Tuesday, February 15, 2011

Better Living Through Chemistry


My husband Terry can tell you I'm beyond stubborn when it comes to admitting I get sick. I coughed and snorted through a week of unpleasantness before I caved in. I kee\pt telling him that I know when I need to seek help, because I know my body better than any doctor ever will. I live in it, after all.

I gave up on Sunday. After two nights of sleeping in fifteen-minute increments, and not being able to walk across a room without holding on and stopping for breath and spiking a fever, it was time to seek DRUGS. After all, Terry said, if Big Pharma didn't want us to live better through chemistry, they wouldn't make the drugs.

Since I couldn't talk without going into a coughing jag that left lungs on the floor, Terry called our family doctor. When the receptionist stopped laughing, she said they were down two doctors on Monday and had reached overflow capacity in the waiting room. All patients were being shunted to the emergency room or to doc-in-the-box.

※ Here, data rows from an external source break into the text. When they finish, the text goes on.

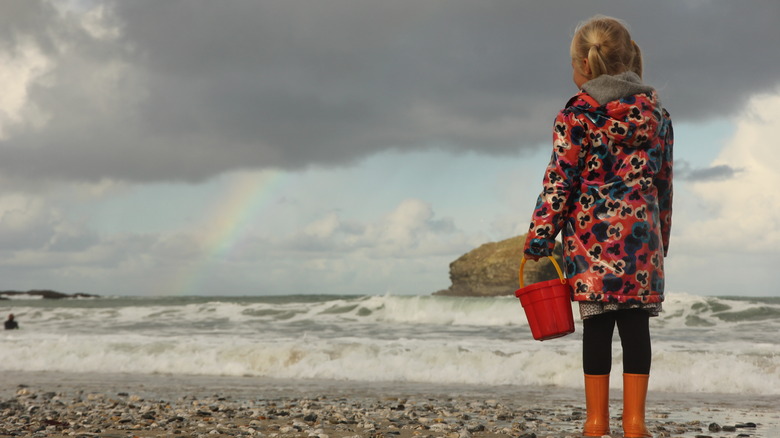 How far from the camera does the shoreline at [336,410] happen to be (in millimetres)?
4684

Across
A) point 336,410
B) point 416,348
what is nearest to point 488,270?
point 416,348

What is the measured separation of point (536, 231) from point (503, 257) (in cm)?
3948

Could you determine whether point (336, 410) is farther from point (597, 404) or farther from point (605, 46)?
point (605, 46)

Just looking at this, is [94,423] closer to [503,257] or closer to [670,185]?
[670,185]

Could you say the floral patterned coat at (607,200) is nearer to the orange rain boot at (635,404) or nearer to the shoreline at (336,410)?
the orange rain boot at (635,404)

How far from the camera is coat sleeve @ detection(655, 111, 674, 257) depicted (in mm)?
3508

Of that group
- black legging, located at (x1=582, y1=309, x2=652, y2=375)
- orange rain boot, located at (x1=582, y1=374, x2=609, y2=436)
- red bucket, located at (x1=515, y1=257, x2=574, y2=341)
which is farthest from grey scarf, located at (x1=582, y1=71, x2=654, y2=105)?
orange rain boot, located at (x1=582, y1=374, x2=609, y2=436)

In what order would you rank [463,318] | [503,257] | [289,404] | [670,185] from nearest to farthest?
1. [670,185]
2. [289,404]
3. [463,318]
4. [503,257]

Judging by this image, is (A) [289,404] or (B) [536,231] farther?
(A) [289,404]

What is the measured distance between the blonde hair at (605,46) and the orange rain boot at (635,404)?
1.54 meters

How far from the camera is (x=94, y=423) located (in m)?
5.14

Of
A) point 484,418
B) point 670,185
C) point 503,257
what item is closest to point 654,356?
point 484,418

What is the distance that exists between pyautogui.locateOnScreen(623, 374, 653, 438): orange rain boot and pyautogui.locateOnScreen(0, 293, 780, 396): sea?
5.17 meters

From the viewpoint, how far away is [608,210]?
3281mm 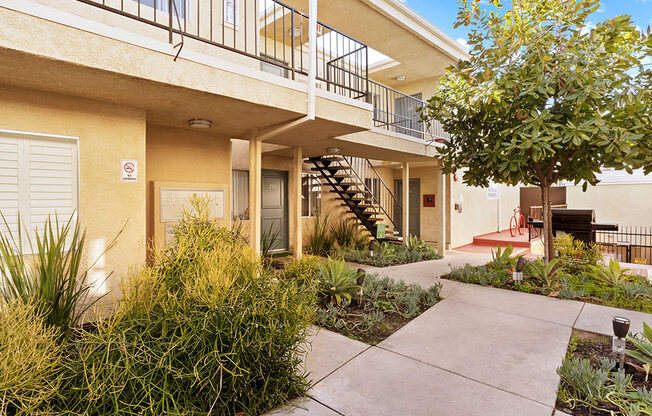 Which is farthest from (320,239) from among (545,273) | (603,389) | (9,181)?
(603,389)

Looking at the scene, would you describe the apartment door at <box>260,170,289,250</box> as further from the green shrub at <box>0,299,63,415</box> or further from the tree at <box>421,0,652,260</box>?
the green shrub at <box>0,299,63,415</box>

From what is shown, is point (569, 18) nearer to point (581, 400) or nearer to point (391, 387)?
point (581, 400)

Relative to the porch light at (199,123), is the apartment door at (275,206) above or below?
below

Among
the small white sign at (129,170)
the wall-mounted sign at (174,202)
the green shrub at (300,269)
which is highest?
the small white sign at (129,170)

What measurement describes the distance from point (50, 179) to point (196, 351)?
2677 millimetres

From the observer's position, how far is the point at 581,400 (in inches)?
87.5

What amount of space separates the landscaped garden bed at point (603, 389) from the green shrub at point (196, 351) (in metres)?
2.01

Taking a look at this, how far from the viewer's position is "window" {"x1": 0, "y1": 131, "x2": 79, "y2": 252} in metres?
3.00

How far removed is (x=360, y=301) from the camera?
13.7 ft

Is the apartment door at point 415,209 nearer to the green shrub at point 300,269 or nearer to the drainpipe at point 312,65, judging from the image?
the green shrub at point 300,269

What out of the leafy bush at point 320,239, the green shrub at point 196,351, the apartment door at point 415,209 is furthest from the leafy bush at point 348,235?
the green shrub at point 196,351

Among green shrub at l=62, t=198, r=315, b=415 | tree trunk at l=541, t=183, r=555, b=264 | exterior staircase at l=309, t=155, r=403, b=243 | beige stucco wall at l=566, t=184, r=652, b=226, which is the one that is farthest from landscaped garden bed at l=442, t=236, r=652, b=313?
beige stucco wall at l=566, t=184, r=652, b=226

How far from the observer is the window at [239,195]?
7418 millimetres

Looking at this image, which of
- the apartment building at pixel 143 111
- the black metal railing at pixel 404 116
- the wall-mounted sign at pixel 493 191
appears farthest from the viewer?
the wall-mounted sign at pixel 493 191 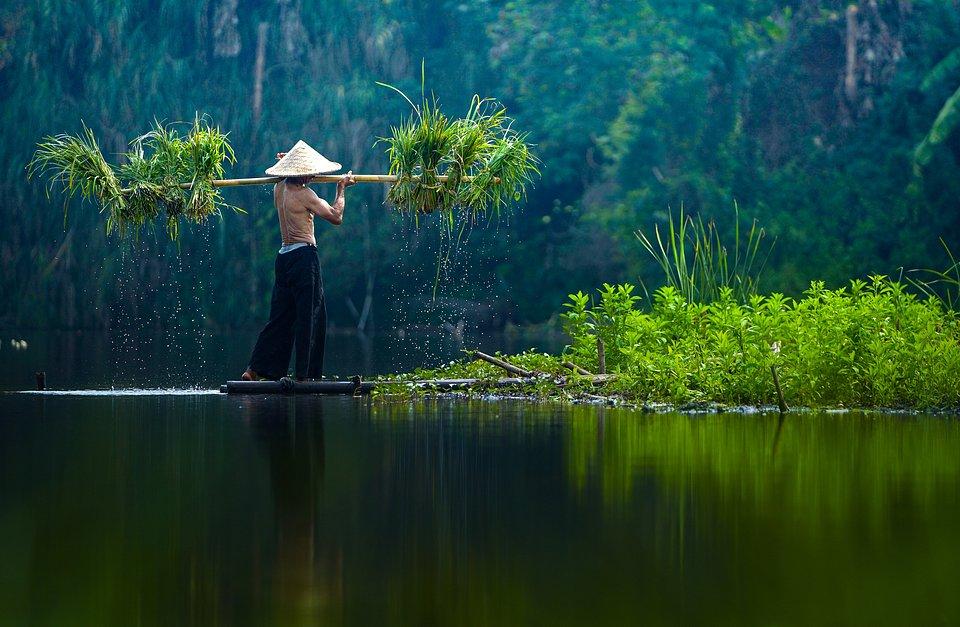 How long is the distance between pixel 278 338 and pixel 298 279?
0.55m

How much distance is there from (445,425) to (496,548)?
3829 millimetres

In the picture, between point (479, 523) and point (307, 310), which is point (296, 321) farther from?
point (479, 523)

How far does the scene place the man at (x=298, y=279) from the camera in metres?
10.6

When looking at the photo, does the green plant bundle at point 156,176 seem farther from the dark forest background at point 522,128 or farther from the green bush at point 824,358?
the dark forest background at point 522,128

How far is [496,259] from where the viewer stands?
3006 cm

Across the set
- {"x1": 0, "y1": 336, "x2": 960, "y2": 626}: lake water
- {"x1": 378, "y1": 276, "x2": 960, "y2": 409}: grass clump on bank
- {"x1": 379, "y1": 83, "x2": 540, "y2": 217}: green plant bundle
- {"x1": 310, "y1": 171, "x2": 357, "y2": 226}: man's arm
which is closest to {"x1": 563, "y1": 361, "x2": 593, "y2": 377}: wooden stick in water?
{"x1": 378, "y1": 276, "x2": 960, "y2": 409}: grass clump on bank

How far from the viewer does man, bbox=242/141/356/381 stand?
1059cm

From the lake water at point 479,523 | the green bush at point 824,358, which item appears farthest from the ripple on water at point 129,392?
the green bush at point 824,358

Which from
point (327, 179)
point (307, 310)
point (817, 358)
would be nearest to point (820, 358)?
point (817, 358)

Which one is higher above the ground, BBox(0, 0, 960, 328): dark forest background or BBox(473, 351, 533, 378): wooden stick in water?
BBox(0, 0, 960, 328): dark forest background

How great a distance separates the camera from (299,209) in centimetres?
1073

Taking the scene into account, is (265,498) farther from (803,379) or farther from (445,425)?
(803,379)

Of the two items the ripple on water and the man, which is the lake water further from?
the ripple on water

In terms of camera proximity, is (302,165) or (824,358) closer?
(824,358) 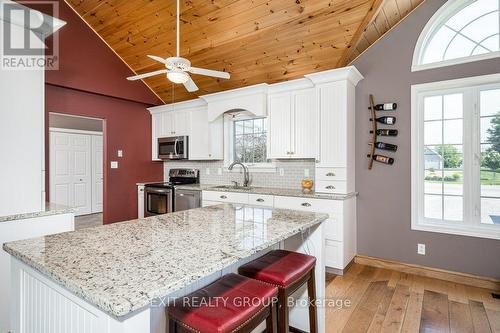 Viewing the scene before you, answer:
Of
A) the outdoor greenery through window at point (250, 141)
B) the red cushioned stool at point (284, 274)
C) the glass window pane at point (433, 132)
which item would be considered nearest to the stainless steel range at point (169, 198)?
the outdoor greenery through window at point (250, 141)

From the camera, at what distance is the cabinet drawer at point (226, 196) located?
3.79 meters

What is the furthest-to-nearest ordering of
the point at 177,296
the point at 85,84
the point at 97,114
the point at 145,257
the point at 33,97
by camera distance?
the point at 97,114
the point at 85,84
the point at 33,97
the point at 177,296
the point at 145,257

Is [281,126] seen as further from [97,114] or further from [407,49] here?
[97,114]

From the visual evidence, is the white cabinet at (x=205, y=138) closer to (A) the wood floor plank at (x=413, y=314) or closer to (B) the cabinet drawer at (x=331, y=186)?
(B) the cabinet drawer at (x=331, y=186)

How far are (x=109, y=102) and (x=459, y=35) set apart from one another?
4.92 meters

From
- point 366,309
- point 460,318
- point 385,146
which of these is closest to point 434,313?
point 460,318

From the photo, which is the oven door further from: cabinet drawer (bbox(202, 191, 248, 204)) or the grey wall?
the grey wall

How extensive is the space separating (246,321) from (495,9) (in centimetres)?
376

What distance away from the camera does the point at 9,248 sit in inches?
49.0

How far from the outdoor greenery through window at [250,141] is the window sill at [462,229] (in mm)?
2223

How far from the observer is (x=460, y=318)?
2.21 metres

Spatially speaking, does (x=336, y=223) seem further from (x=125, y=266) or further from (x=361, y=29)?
(x=125, y=266)

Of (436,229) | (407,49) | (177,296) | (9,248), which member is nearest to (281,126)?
(407,49)

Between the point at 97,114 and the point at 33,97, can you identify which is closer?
the point at 33,97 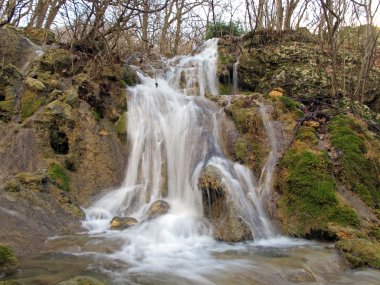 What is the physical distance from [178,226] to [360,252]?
8.31ft

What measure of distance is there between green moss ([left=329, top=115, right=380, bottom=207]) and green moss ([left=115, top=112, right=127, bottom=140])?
170 inches

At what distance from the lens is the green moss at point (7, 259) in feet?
12.1

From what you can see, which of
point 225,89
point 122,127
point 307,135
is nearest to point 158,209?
point 122,127

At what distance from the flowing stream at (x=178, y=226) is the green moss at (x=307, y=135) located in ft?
1.74

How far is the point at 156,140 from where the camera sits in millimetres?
8031

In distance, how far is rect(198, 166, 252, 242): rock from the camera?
556 centimetres

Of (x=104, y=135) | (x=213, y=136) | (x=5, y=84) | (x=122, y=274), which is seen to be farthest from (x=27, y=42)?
(x=122, y=274)

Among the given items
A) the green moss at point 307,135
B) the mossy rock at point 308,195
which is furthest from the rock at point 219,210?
the green moss at point 307,135

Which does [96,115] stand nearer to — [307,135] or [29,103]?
[29,103]

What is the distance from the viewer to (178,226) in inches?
226

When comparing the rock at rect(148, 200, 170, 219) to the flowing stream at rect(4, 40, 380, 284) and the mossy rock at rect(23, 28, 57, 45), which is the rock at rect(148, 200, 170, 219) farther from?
the mossy rock at rect(23, 28, 57, 45)

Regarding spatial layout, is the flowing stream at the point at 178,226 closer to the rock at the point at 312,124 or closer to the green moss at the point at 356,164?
the rock at the point at 312,124

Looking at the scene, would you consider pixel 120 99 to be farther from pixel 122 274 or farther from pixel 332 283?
pixel 332 283

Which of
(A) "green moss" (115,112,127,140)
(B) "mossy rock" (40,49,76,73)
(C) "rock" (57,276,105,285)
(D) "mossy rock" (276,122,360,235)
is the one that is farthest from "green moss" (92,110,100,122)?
(C) "rock" (57,276,105,285) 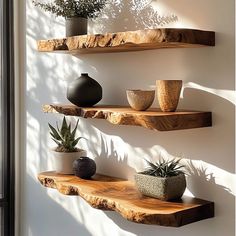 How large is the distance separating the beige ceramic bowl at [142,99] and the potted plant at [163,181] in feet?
0.87

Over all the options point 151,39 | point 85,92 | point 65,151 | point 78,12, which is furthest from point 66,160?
point 151,39

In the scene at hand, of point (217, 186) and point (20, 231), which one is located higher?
point (217, 186)

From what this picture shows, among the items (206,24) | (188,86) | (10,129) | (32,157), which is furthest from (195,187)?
(10,129)

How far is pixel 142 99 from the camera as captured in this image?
2.03 meters

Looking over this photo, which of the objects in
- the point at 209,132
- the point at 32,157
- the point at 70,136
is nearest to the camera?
the point at 209,132

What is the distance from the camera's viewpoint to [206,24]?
197 centimetres

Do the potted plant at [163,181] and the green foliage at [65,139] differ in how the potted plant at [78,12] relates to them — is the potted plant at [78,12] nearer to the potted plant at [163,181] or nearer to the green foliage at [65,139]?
the green foliage at [65,139]

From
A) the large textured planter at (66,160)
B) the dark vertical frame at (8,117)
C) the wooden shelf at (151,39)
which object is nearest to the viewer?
the wooden shelf at (151,39)

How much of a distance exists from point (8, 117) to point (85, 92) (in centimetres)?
99

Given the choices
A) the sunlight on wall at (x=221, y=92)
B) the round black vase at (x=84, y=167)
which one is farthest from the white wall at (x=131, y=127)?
the round black vase at (x=84, y=167)

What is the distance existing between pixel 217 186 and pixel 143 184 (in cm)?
32

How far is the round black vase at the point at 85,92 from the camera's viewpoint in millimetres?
2299

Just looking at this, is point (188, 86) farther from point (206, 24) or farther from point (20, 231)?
point (20, 231)

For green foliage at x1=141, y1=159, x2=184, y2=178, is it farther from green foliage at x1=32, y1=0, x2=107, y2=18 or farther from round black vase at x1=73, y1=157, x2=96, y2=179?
green foliage at x1=32, y1=0, x2=107, y2=18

We chose the local doc-in-the-box. Terry drove, since I have so little lung capacity that driving was out of the question. We drove into an empty parking lot. IN FLU SEASON? Based on the hours painted on the door, you can only need urgent medical help between one and eight pm. Back home to sit upright and cough. We returned at 1:10 and were fourth in line. When we left at 4 pm, the waiting room was full and sounded like an outpatient clinic in a tuberculosis ward.

The doc popped out of his box, poked and prodded, asked me to cough (BIG mistake), looked at my electronic health record (all of my doctors are part of a single medical system, so he could pull up EVERYTHING). Then came the diagnoses. Plural.

"You have cute sinisitis." I've never heard of cute sinuses. Then he said, "You have cute bronchitis." Kinda thick accent. Took me a couple of coughs to realize he meant Acute, not cute. And contagious as hell.

Doc-in-the-box believes in throwing the kitchen sink at what's "going around." I left with four prescriptions, two over-the-counter recommendations, and instructions to rest and eat lots of chicken soup. It's good for the soul, he said. I understood got that. Even read the book years ago.

One good thing about not being able to sleep: I got a lot of reading done!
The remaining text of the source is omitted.